Kwaranqa incendiò il contenuto della ciotola e, quando anche l'ultimo pezzo d'oro fuse, intinse un dito nella mistura e disegnò i due simboli di vita e morte sulle morbide guance del bambino.

A quel punto, Kwaranqa e Muluq tornarono accanto al fuoco per concludere l'incantesimo.
<<Abatir, tavèh... ghikiya moritur dishtah i nis yatereh ghikimi>> il guscio di fuoco sparì e il grande falò si spense; per qualche secondo, gli uomini della Piuma dorata e della Primula rara rimasero immersi nel buio.

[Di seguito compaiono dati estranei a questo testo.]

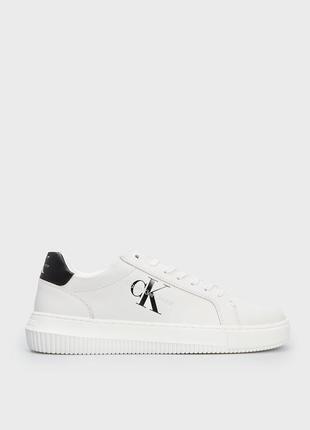 Calvin klein мужские белые кожаные сникеры chunky cupsole mono...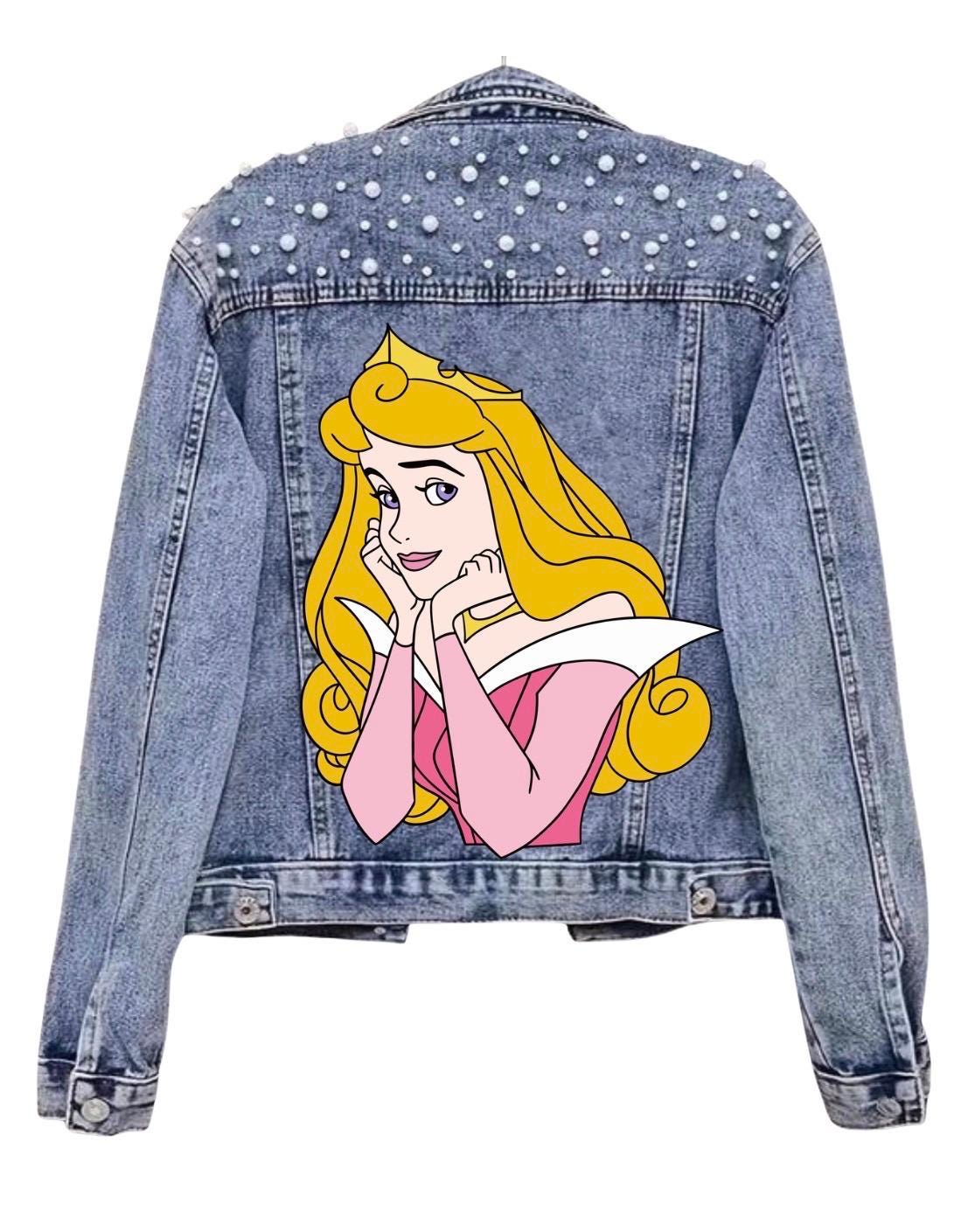 Princess Denim Disney Jacket, Custon  Disney Jean Jacket, Pearl Embellished Jacket, Disney Trip Outfit Disneyland Jacket, Disney World Outfi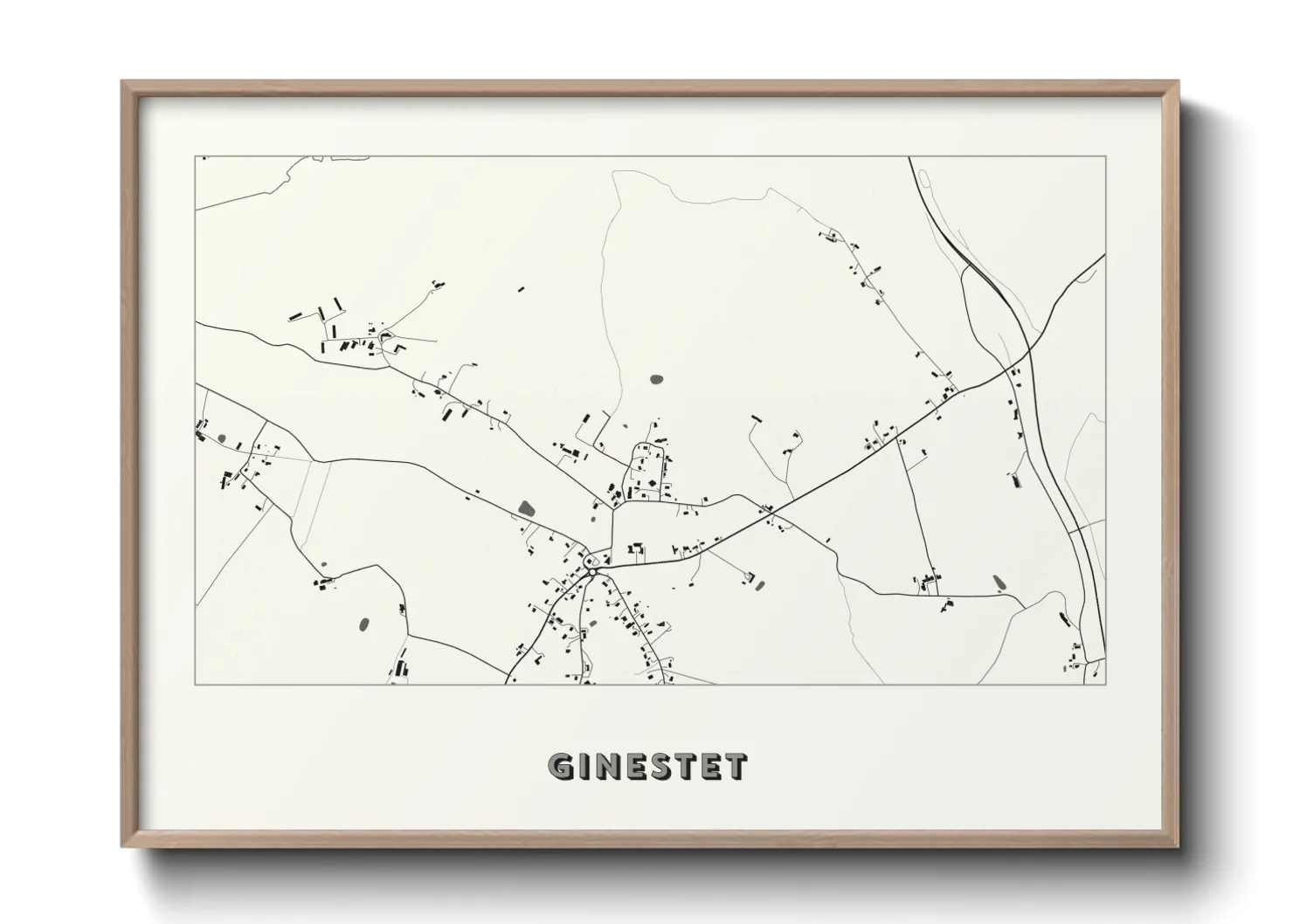 Une affiche de carte sur Ginestet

La Luna sembrava aver assunto una tonalità rossastra e le stelle erano scomparse; poi, alcuni piccoli fuochi si accesero attorno all'ultimo cerchio di uomini e anche il piccolo falò accanto ai due stregoni tornò a bruciare.
Kwaranqa e Muluq si sorrisero compiaciuti.

Le loro parole significavano: "Attenzione, miei cari... questo è il primo prescelto e non sarà l'ultimo".